What is required
This task calls for the lines below starting at the one containing "A functional bathroom" and ending at the one containing "The image shows", repeated exactly with both ends kept and pictures left out.

Data records
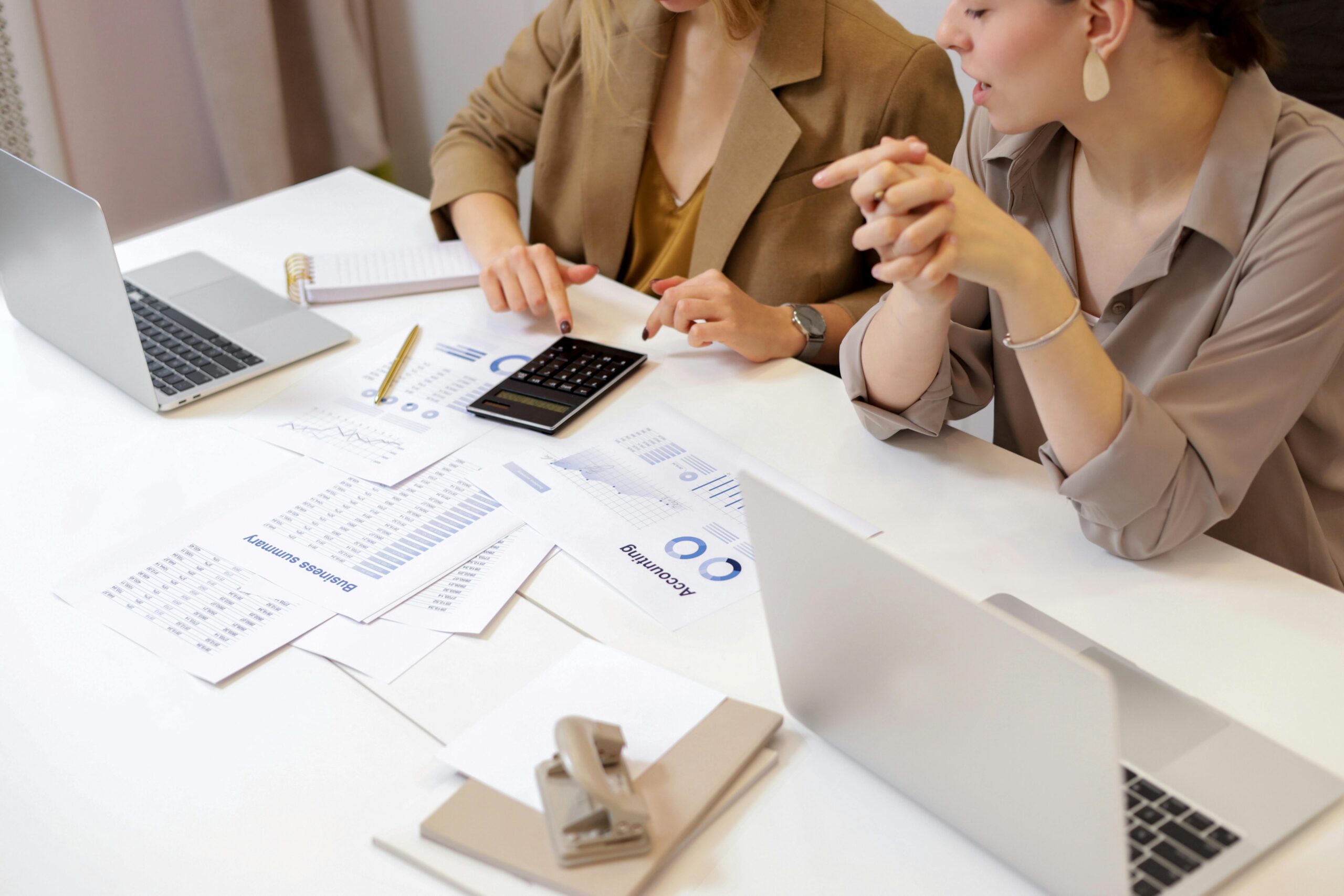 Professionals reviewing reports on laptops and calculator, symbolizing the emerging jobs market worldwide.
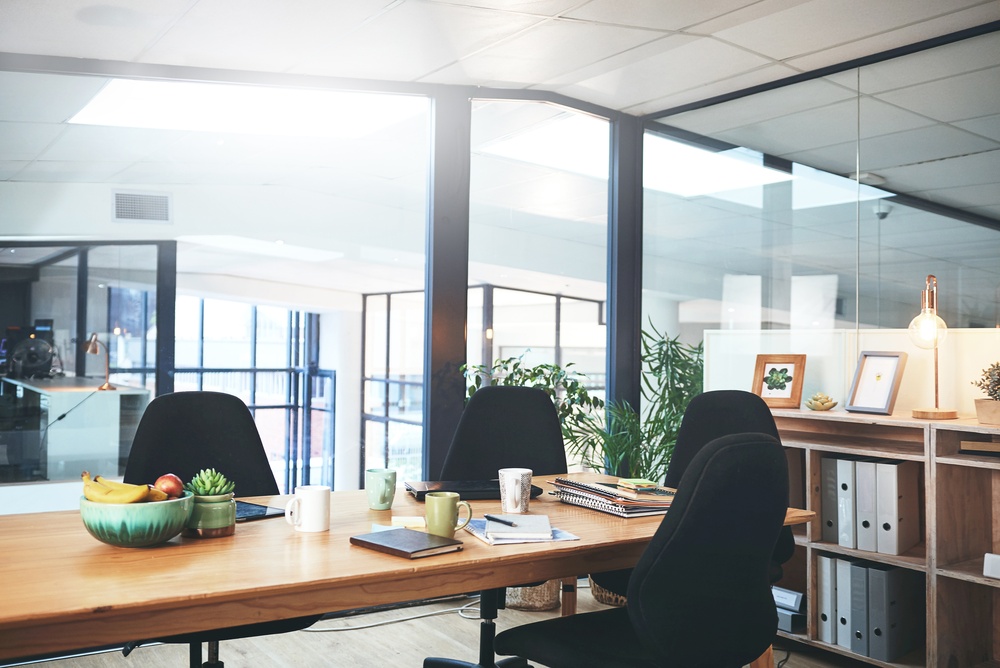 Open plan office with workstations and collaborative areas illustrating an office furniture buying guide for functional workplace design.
...
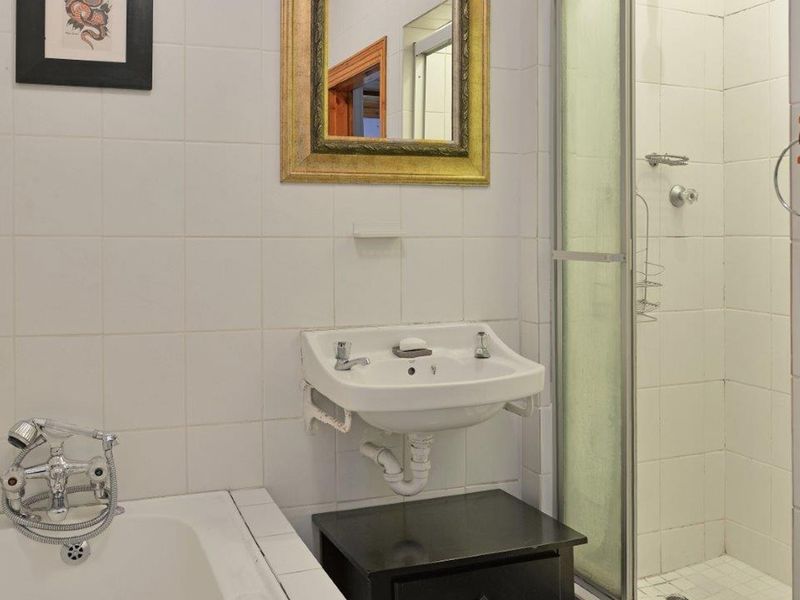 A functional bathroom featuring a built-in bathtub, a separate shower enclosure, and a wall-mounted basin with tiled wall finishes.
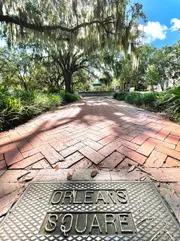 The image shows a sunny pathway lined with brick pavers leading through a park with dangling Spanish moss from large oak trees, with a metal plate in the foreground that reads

Result of the exercise
 A functional bathroom featuring a built-in bathtub, a separate shower enclosure, and a wall-mounted basin with tiled wall finishes.
 The image shows a sunny pathway lined with brick pavers leading through a park with dangling Spanish moss from large oak trees, with a metal plate in the foreground that reads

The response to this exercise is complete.